Charity board “took apartments meant for the poor”

Last week's reports of the shrinking rental property market - caused by increasing numbers of rented apartments being sold to private buyers - will have struck a chord with the estimated 100,000 people queuing for an apartment in Stockholm.

This week it got personal. Monday’s Dagens Nyheter uncovered a housing charity whose apartments, meant for the poor, have been let to “union leaders, politicians, board members and their children”. Whoops.

The charter of the Anna Johansson-Visborg Trust, which owns 420 rental apartments in five properties around Stockholm, stipulates that they are to be used by “needy single people or families”. But DN’s own investigation revealed that the charity has been a back-scratching haven centred around the chairwoman and prominent union member, Agneta Johansson.

She led the organisation for nine years, until May.
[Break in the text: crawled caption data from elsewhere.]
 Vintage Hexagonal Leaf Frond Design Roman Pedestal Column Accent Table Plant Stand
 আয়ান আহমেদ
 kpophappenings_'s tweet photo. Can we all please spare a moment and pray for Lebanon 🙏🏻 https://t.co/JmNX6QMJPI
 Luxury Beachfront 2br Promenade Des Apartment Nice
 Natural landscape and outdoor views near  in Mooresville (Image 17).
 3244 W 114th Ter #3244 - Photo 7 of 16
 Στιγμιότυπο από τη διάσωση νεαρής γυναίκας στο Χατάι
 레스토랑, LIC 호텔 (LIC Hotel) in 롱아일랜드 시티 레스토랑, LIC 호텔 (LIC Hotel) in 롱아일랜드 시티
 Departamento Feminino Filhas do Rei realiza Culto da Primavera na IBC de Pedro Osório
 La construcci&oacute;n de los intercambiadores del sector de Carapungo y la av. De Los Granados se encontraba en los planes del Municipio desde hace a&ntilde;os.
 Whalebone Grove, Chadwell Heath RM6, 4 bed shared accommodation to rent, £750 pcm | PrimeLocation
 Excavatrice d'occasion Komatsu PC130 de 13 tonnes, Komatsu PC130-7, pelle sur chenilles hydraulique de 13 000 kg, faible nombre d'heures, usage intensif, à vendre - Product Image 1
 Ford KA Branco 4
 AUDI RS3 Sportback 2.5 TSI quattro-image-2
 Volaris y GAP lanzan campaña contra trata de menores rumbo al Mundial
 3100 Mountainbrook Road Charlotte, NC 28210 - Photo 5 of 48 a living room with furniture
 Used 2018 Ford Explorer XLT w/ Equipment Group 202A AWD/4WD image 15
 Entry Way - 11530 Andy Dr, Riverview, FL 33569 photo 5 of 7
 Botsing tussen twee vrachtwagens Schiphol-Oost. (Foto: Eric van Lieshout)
The paper alleged that during that time Johansson’s son was given a loan of 10,000 crowns by the charity and employed as a cleaner, her daughter was given a grant of 5,000 crowns and employed in the office, and another relative was given a home computer package and digital camera.

But DN reserved its sternest indignation for the allegation that the charity’s board had abused their responsibility for allocating apartments – and taken all the best views for themselves.

Agneta Johansson “gave herself her current apartment…[which] has a wonderful view from one of the balconies”, while from the balcony of the former vice-chairman’s place you can “see for miles and miles”. Not to be outdone, the charity’s financial advisor, Margareta Sjöstrand, got a two floor apartment in Kungsholmen.

“The view is enchanting,” confirmed DN, scarcely concealing its seething jealousy.

Sjöstrand wouldn’t discuss how she came to be living in the apartment.

“You’ll have to ask the board,” she said. So DN did.

Wolmar Sjöström, the trust’s accountant, blamed the apartments.

“It has been hard to rent out the one room places,” he said. “It’s difficult to stick to the word of the charter.”

But that excuse carried no weight with Annika Oldenburg from Stockholm council’s charity department.

“There are many homeless women today,” she said. “So that doesn’t make sense.”

Meanwhile, if you’re wondering why you can’t find an apartment to rent in Gothenburg it’s because, like in Stockholm, they’re all being sold to private owners. The rental market is apparently shrinking by over 1,500 apartments a year, and it’s worst in the centre of the city.

Anders Jarud, the head of commerce at the Gothenburg Property Owners organisation, told Göteborgs-Posten that he was concerned about the future of private letting.

“The development we’ve seen in Stockholm over the last few years has now come to Gothenburg,” he said. “It’s up to the politicians to decide whether or not they still want private landlords in central Gothenburg.”

Whatever’s fuelling the rush to buy properties in Stockholm and Gothenburg, it’s not the expectation of making a quick profit.

According to figures released by the bank SEB on Monday, the percentage of people who believe property prices will rise next year has fallen to 41% – down from 60% just two months ago.

“House prices have risen strongly for a long while. At the same time, many are saying that households should prepare themselves for higher interest rates next year. Both of these factors contribute to dampened enthusiasm,” said SEB’s Gunilla Nyström.